For centuries, readers of the Bible often interpreted it as a privileged source. Assuming that the Bible is perfectly harmonious and without error, that some– if not all, came from God. It was believed that the bible should therefore always be privileged above other books in a way that harmonized, or simply ignored inconsistencies. In adopting the historical critical method, contemporary biblical scholars reject this paradigm. Instead, they treat the Bible as a real book with contradictions, historical errors, and even failed prophetic predictions. Unfulfilled prophecies in the Bible is one of the topics that I’m currently addressing in volume two of the series. In the brief moments that remain, I would like to share with you thoughts I put together on this topic. Biblical prophets served as messengers and mediators for God. Notwithstanding these roles, there is always a limitation to the prophets ability to correctly ascertain the will of divinity.
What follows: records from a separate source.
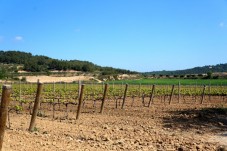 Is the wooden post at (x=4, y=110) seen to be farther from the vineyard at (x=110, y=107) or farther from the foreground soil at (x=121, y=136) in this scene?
the vineyard at (x=110, y=107)

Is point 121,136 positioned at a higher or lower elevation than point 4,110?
lower

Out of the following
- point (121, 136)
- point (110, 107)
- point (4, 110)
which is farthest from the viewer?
point (110, 107)

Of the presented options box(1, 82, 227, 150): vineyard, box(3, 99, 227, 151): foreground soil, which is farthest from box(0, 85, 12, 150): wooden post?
box(1, 82, 227, 150): vineyard

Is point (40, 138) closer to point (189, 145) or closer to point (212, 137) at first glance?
point (189, 145)

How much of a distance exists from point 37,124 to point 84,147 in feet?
13.0

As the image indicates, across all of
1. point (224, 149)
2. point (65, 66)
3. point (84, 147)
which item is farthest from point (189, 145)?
point (65, 66)

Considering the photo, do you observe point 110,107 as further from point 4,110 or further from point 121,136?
point 4,110

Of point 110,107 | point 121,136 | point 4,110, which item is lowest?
point 110,107

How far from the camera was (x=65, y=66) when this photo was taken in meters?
107

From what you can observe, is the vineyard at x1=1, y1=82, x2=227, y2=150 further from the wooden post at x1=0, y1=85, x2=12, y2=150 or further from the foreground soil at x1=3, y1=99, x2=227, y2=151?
the wooden post at x1=0, y1=85, x2=12, y2=150

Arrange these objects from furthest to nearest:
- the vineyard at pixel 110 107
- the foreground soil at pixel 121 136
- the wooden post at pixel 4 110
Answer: the vineyard at pixel 110 107 < the foreground soil at pixel 121 136 < the wooden post at pixel 4 110

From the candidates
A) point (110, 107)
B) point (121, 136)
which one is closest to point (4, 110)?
point (121, 136)

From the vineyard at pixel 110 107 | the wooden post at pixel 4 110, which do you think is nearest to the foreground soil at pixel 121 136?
the vineyard at pixel 110 107

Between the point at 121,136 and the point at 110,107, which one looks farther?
the point at 110,107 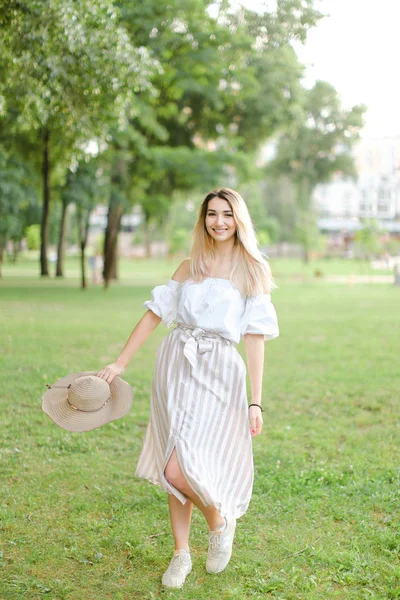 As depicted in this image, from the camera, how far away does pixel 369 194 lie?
97000mm

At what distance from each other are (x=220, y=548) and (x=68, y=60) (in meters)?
7.67

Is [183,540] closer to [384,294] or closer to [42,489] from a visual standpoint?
[42,489]

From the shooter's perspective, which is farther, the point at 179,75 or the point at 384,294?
the point at 384,294

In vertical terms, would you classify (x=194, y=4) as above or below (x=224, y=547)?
above

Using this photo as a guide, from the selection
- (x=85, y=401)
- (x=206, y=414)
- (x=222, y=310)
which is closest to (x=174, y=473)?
(x=206, y=414)

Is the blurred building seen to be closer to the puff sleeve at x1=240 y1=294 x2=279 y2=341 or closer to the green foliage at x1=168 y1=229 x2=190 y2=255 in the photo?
the green foliage at x1=168 y1=229 x2=190 y2=255

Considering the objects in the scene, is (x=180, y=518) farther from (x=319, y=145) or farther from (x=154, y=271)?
(x=319, y=145)

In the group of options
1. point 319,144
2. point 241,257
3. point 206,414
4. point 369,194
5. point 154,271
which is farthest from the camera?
point 369,194

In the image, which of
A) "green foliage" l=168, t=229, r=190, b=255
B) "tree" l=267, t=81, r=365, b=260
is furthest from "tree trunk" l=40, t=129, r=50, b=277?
"green foliage" l=168, t=229, r=190, b=255

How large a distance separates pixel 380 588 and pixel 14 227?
35.9m

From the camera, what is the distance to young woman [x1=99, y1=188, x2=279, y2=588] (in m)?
3.60

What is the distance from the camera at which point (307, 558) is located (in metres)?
4.17

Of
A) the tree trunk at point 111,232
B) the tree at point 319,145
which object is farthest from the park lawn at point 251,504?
the tree at point 319,145

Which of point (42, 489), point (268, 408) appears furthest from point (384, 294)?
point (42, 489) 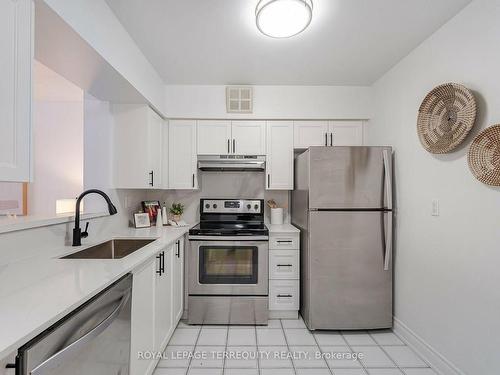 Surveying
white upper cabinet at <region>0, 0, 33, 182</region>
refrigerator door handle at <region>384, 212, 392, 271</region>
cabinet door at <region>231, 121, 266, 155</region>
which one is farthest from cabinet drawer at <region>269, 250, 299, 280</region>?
white upper cabinet at <region>0, 0, 33, 182</region>

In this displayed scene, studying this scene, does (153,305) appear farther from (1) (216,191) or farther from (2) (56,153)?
(2) (56,153)

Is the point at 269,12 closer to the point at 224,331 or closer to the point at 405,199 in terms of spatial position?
the point at 405,199

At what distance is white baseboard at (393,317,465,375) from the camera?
70.2 inches

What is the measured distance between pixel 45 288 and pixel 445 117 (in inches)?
94.7

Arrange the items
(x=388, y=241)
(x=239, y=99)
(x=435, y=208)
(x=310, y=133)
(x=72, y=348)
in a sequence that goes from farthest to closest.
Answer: (x=310, y=133) < (x=239, y=99) < (x=388, y=241) < (x=435, y=208) < (x=72, y=348)

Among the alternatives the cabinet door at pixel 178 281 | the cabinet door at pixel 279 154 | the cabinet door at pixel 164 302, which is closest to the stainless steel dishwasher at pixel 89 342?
the cabinet door at pixel 164 302

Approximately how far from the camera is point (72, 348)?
3.02ft

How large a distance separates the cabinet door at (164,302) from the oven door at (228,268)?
39 cm

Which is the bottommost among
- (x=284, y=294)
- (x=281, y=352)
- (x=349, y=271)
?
(x=281, y=352)

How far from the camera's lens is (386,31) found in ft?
6.28

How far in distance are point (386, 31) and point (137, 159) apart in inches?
89.5

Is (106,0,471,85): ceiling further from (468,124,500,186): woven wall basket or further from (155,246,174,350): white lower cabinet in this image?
(155,246,174,350): white lower cabinet

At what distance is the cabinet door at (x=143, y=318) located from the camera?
56.6 inches

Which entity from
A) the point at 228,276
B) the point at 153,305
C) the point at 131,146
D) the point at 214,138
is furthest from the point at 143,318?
the point at 214,138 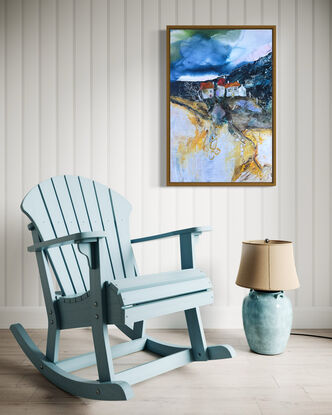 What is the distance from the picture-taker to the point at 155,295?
149 centimetres

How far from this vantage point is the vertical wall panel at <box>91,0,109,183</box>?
2.41m

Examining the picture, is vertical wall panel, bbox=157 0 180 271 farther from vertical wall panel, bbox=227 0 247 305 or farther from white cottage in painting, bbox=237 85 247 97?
white cottage in painting, bbox=237 85 247 97

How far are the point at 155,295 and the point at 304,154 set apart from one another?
148cm

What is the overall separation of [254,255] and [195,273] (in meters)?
0.40

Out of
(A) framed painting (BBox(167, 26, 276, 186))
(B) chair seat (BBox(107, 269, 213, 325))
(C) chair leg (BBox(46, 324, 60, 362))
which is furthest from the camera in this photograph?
(A) framed painting (BBox(167, 26, 276, 186))

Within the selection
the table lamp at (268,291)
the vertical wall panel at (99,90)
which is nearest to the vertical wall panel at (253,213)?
the table lamp at (268,291)

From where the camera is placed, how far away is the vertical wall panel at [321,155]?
2.41 metres

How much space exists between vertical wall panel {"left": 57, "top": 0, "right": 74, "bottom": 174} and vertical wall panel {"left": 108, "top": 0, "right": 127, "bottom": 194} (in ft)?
0.81

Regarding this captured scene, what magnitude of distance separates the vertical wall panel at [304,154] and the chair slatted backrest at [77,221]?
44.8 inches

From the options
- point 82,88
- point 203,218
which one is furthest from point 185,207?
point 82,88

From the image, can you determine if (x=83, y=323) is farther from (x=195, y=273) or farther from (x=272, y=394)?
(x=272, y=394)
Prophets, in other words, don’t always get it right.
This point is made clear in the book of Jonah, written perhaps sometime in the Persian period, Jonah seems to function as a type of satire, outlining the way a prophet’s own bias may interfere with the correct articulation of the divine will. When Jonah finally accepts his prophetic commission he enters the city of Nenavay and presents a prediction: forty days more and Nenavay shall be overthrown. Jonah’s declaration is not conditional, it is a declaration of fact. The city will be destroyed in forty days, end of story.
Much to Jonah’s consternation; however, the people of Nenavay believed God and repented of their wickedness saying, “Who knows, but that God may turn and relent. He may turn back from his wrath so that we may not perish.” Jonah hated the Assyrian people. He would rather have died than see them repent. Though, inspired after all, God had called Jonah to cry repentance to the city. Jonah’s articulation of the prophetic message was directly influenced by his own weakness. Even though Jonah predicted their destruction, the people came to the conclusion that there was perhaps a way to cause the prophecy to be unfulfilled. They weren’t certain, hence the question, “Who knows?” “He may” for after all, no one at least from their perspective, can truly predict the mind of God, not even as prophets. And ultimately, they succeed. The prophets’ prediction failed. The story of Jonah and his failed prediction therefore seem to acknowledge what we encounter all throughout the Hebrew Bible. There is always human agency and therefore, a degree in uncertainty in any attempt to speak for Deity.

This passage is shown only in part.